Made with veal, pork, finely chopped mint, sweet paprika and yogurt.

Romania – sarmale

Traditionally served on Christmas and New Year’s Eve but also served throughout the year at weddings, baptism parties, and other large celebrations.Ground pork is mixed with sauteed caramelized onions and rice stuffed in a cabbage leaf, pickled sauerkraut leaf or grape leaf. For flavor, they usually consist of layers with smoked pork fat, smoked ribs, or smoked sausage. Dry or fresh dill is a must, with a generous layer at the bottom of the pot and with additional dill finely chopped throughout the dish.

Ukrainian – holubtsi

Typical Ukrainian cabbage rolls can be made from either pickled or parboiled cabbage leaves.

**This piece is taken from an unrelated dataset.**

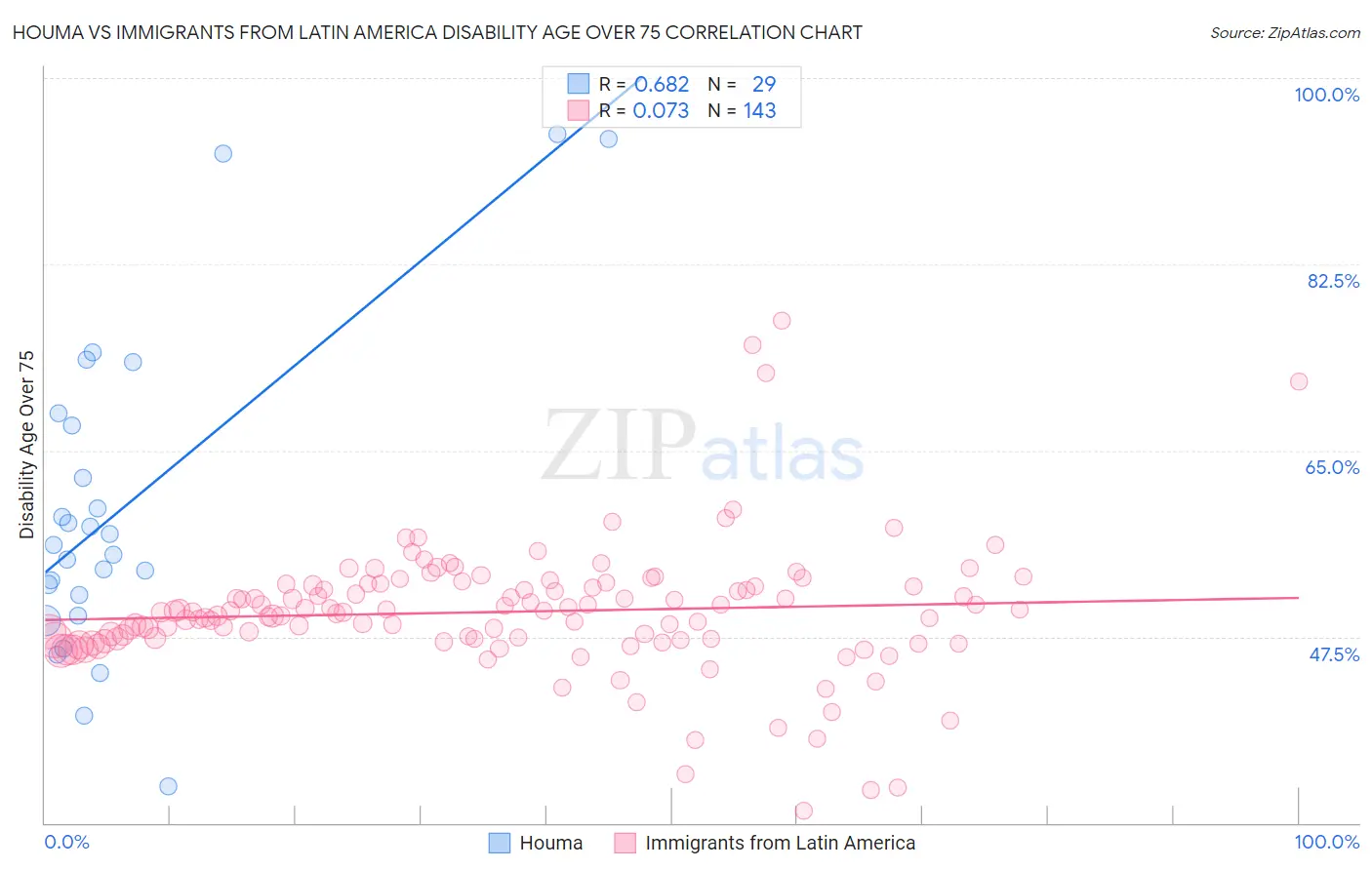 Houma vs Immigrants from Latin America Disability Age Over 75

Fillings traditionally contain rice only, since the typical peasant diet was largely vegetarian due to the higher cost of meat. Nowadays they are generally stuffed with rice and beef or bacon. The finished rolls may be simmered in thinned tomato juice, beef stock, vegetable stock, or even miso broth. Made with sauerkraut and served with perogie.

Czechs & Croatians – sarma

Cabbage rolls are a staple diet of the population in Croatia. Stuffed cabbage with smoked ground pork is a Croatian favorite at Christmas.

Lithuanians – balandeliai

Served during the fall harvest festival. Made with raisins, brown sugar, lemon and tomato for a sweet and sour taste.

Russian – golubtsy

The Russian version of cabbage rolls usually consists of cooked meatballs wrapped in cabbage leaves. Rice is commonly added to the stuffing as well, but stuffing the rolls with rice only is rare, generally served with sour cream.

Polish – golabki

Golabki, pronounced gowumpkee is also known as Stuffed Cabbage Rolls and it’s a Polish dish consisting of cabbage leaves stuffed with a savory mix of beef, pork and rice or barely, generally served with a tomato based sauce.

Finnish – kaalikaaryle

Grounded pork or beef, onion, barley and rice are used as the filling elements, and the cabbage rolls are browned before brazing. Kaalikaayleet can be enjoyed as a main course dish during meals with boiled potato and lingoberries as accompaniments.